3 minute read
Wiersze polecane – MARCIN ZEGADŁO
POEZJA
Polecane
Advertisement
foto: Jarek Juszczak
MARCIN ZEGADŁO (ur. 1977) - poeta, publicysta, recenzent. Wydał sześć zbiorów wierszy: Monotonne Rewolucje, Stowarzyszenie Literackie im. K.K. Baczyńskiego, Łódź 2003, Nawyki Ciał Śpiących, Zielona Sowa, Biblioteka Studium, Kraków 2006, Światło powrotne, Wydawnictwo Kwadratura, Łódź 2010, Cały w słońcu, SPP Oddział w Łodzi, Łódź 2014, Hermann Brunner i jego rzeźnia, Wydawnictwo Forma, Szczecin 2015, Zawsze Ziemia, SPP Oddział w Łodzi, Łódź, 2018. Prowadzi bloga Księgozbiry, gdzie recenzuje prozę i poezję. Pisuje również o książkach do „Gazety Wyborczej” Mieszka w Częstochowie.

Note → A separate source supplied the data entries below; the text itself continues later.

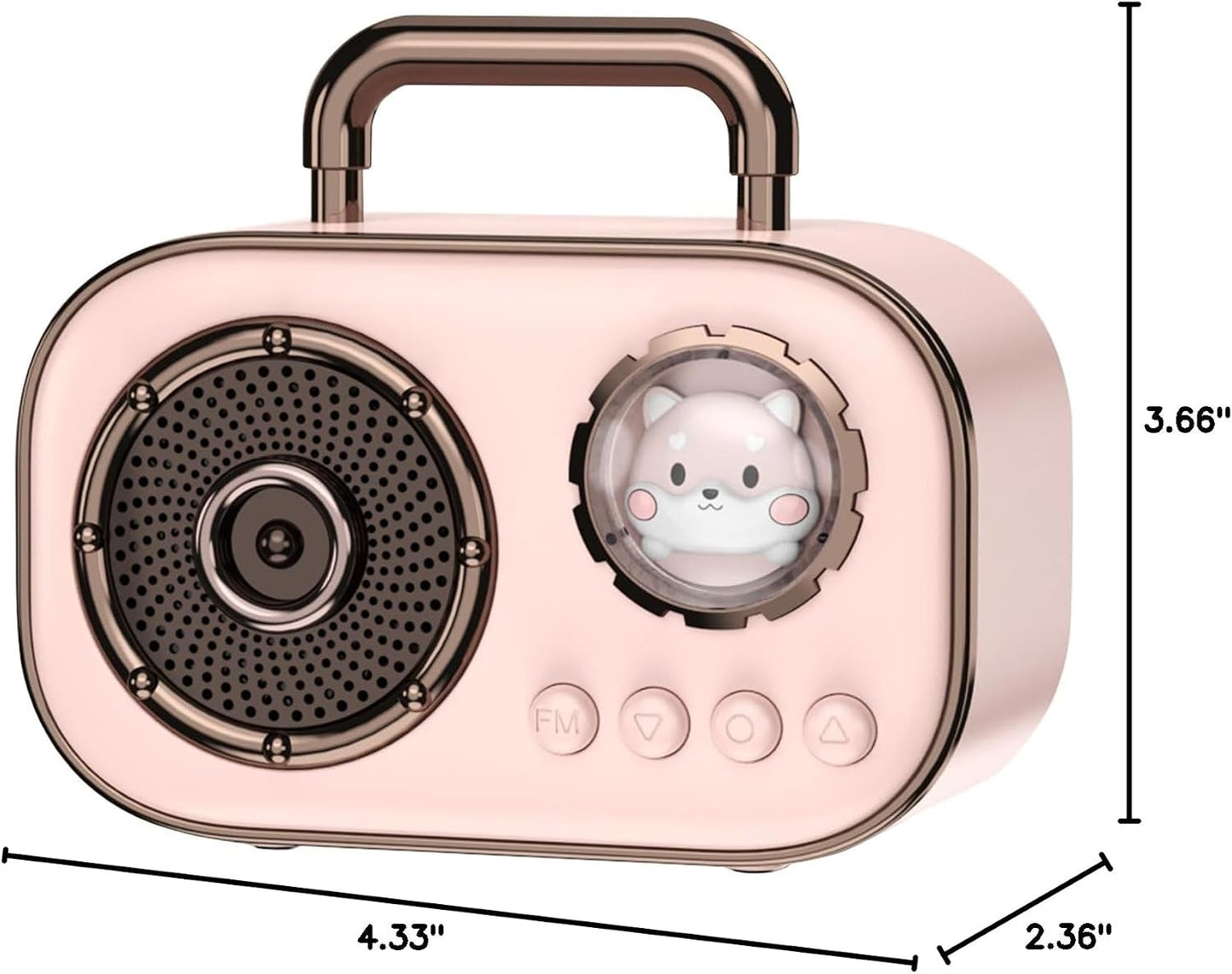 SpringFlora Sound,4H Wireless Bluetooth Speaker, Cute Mini Portable Speaker,Loud Playtime, Mic,TF/SD Card, Aux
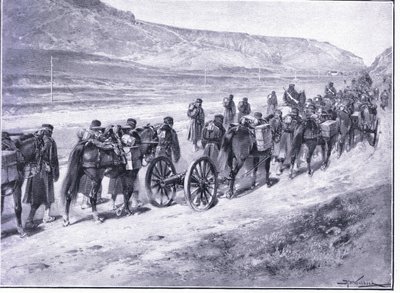 Een batterij veldkanonnen op weg naar Ichon, illustratie uit Cassells History of the Russo-Japanese War Vol 1, ca. 1900 door Johannes Hermann Barend Koekkoek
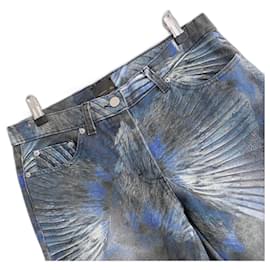 Fendi-Fendi x Karl Lagerfeld Vintage Spring 2003 Feather Print Jeans-Blue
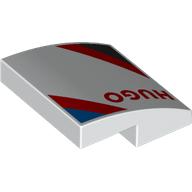 Slope Curved 2 x 2 x 2/3 with Red 'HUGO', Blue/Red/Black Stripes print (15068pr0097)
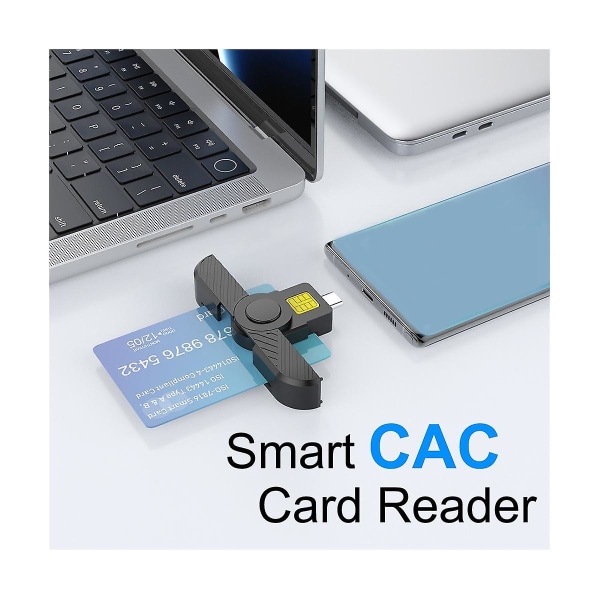 Vikbar USB Typ C Common Access Smart Card Sim-kort/ic Bank Chip Card Reader kompatibel med Maco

I wtedy on powiedział: „takich wierszy nie pisze się w naszym pokoleniu”. Nie wiem, jakie wiersze pisze się w naszym pokoleniu – odpowiedziałem – ale wiem, że gdybym chciał napisać wiersz pokoleniowy, napisałbym o pustym mieszkaniu w wielkiej płycie, w którym stajesz u progu i krzyczysz: już jestem! A tam cisza. Ale taka podszyta grozą, że aż śmierć się dziwi, a jak śmierć się dziwi, to milkną ptaki i sąsiad zamiera z papierosem w ustach oparty o krawędź balkonu. „Nie dziw się, nie dziw, kochana!” – śpiewają nasze dzieci i kruszą się ich kostki, języczki i kręcone włoski.
M. SKŁADA JEDNO Z LICZNYCH OŚWIADCZEŃ
Niczego od ciebie nie chcę. Nie chcę mocnej złotówki i nie chcę śmierci powstańców o twarzach rozbrykanych dzieci. Nie chcę dziewcząt, których ciała nie zdążą dojrzeć i nie chcę palić świeczek na ich błyszczących kościach. Nie chcę miasta jasnego jak listopadowy cmentarz, gdzie kamień został na kamieniu, a reszta to jest wojskowa piosenka, to są szable marszałków, srebrnych jak sen o przedwojniu, jak podróż na księżyc, łańcuszek ze świętym. Nie chcę ginąć tutaj bez wieści, czekając na przelew, na świadczenie rodzinne, na pracę. Nie chcę od ciebie nic na pocieszenie. Żadnej nagrody, żadnego międzymorza, międzyrzecza, międzygórza. Żadnej nadziei.
M. PISZE WIERSZ O DRODZE
„Trzeba się teraz pomodlić” – mówi matka. A w pościeli gałganek jak lalka wystrugana z wosku. Gdyby to wydarzyło się w słońcu odbitym od śniegu lub w promieniach innego księżyca, można by zabrać gałganek nad rzekę, cisnąć go w nurt i powiedzieć: Płyń! Ten strupek, który skubiesz, to jest umieranie. A to są twoje niepotrzebne dłonie i szponiaste palce. Płyń! I niech się nad tobą zamkną lustra jak powierzchnia wody. Ale to się wydarza tutaj, dlatego mówi się: Trzeba się teraz pomodlić i cisza nastaje jakby miał się zjawić anioł z ulotką o luksusach i dobrostanie. Tylko że takie rzeczy dzieją się w pustych pokojach albo w ciemności, bo anioł to nie jest ćma i czeka aż wszystko zgaśnie, a dopiero później stroszy piórka.